You may well have seen or read about some of my actions concerning our Party in the last week. Specifically, on Tuesday 28th June I resigned from my post as Shadow Energy Minister, and on the same day voted in a motion of ‘no confidence’ in Jeremy as our Leader in Parliament. Whilst the ballot was secret, I can say that I voted, along with over 80% of Labour MPs that I had ‘no confidence’. I appreciate that both of these actions may have caused some concern to some. I therefore want to tell you a little more about my decisions.
When Jeremy was elected as our leader last year I was more than prepared to give him my support and offer him my assistance in making his leadership work, even though I did not nominate him or vote for him as our Leader. Part of that support was my willingness to take on a Front Bench role as shadow energy minister, which is an appointment by the Leader and requires collective responsibility in its execution.
It is clear now, however, that Jeremy has simply failed to step up to the mark in any of the key attributes required for leadership of our Party – as a Leader who unifies our Party, who can effectively communicate the case for Labour, and who can ensure that between all of us in Parliament we are able to do the same. That is not an ideological criticism of Jeremy or of his many personal qualities. It is just to say that, manifestly to me, he is not up to the mark on even the most basic requirements of actually operating as Labour Leader: his actions during the Referendum and more recently when meeting prominent left-wing members of the Shadow Cabinet just underlines that judgement.
With the changed political environment after the catastrophic events of this month, and with the prospect of an early general election in front of us, it is vital that we have a Leader of our Party who is able to lead Labour both inside Parliament and outside when putting forward alternatives to the Tories’ post Brexit policies and who properly represents the millions of Labour voters and supporters in the country.

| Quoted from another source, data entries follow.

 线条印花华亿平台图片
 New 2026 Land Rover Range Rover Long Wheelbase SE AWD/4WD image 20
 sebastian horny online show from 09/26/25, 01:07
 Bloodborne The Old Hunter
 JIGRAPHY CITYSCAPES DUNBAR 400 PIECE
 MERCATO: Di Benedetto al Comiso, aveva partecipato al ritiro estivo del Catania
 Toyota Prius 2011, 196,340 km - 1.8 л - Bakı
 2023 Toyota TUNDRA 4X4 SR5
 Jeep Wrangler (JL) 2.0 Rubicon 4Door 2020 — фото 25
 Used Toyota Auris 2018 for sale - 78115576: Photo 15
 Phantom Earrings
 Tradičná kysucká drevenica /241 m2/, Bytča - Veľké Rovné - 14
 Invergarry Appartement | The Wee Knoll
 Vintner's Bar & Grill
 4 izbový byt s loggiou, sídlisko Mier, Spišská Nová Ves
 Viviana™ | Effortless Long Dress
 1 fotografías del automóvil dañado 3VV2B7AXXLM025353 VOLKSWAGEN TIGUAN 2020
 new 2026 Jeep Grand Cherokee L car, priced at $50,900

We will be letting them down forever if we do not offer them that opportunity. Jeremy, as I have now come to see after working with him in Parliament for a year, simply isn’t that person, and never will be.
So that was why as an MP, I voted as I did in the ‘no confidence’ motion. It follows from this, that to remain in a position which requires as its starting point confidence in the Leader who appointed you in the first place would have been very dishonest both to myself and to Jeremy: which is why, immediately after casting my vote in the confidence motion, I handed in my resignation from the Front Bench. I did not want to do that: as you may know Energy and Climate change is an area of politics I am passionate about and have some expertise in: it was exactly what I wanted to do on the Front Bench for Labour and I will always be grateful to Jeremy for giving me the opportunity to do the job. Under the circumstances I felt I had to resign.
I really hope we can resolve the awful position we are now in as soon as possible. I think the best way to do this for all our sakes, would be for Jeremy to stand down as Leader of our Party, and give someone else a go: but should that not happen and we have a contested election for Leader as Party rules require, then we must think very carefully between us about who we elect from the candidates. This could be the making or breaking of the Party that I have been a member of now for forty years and desperately want to succeed in defending and furthering the lives of all those people who look to us to support them.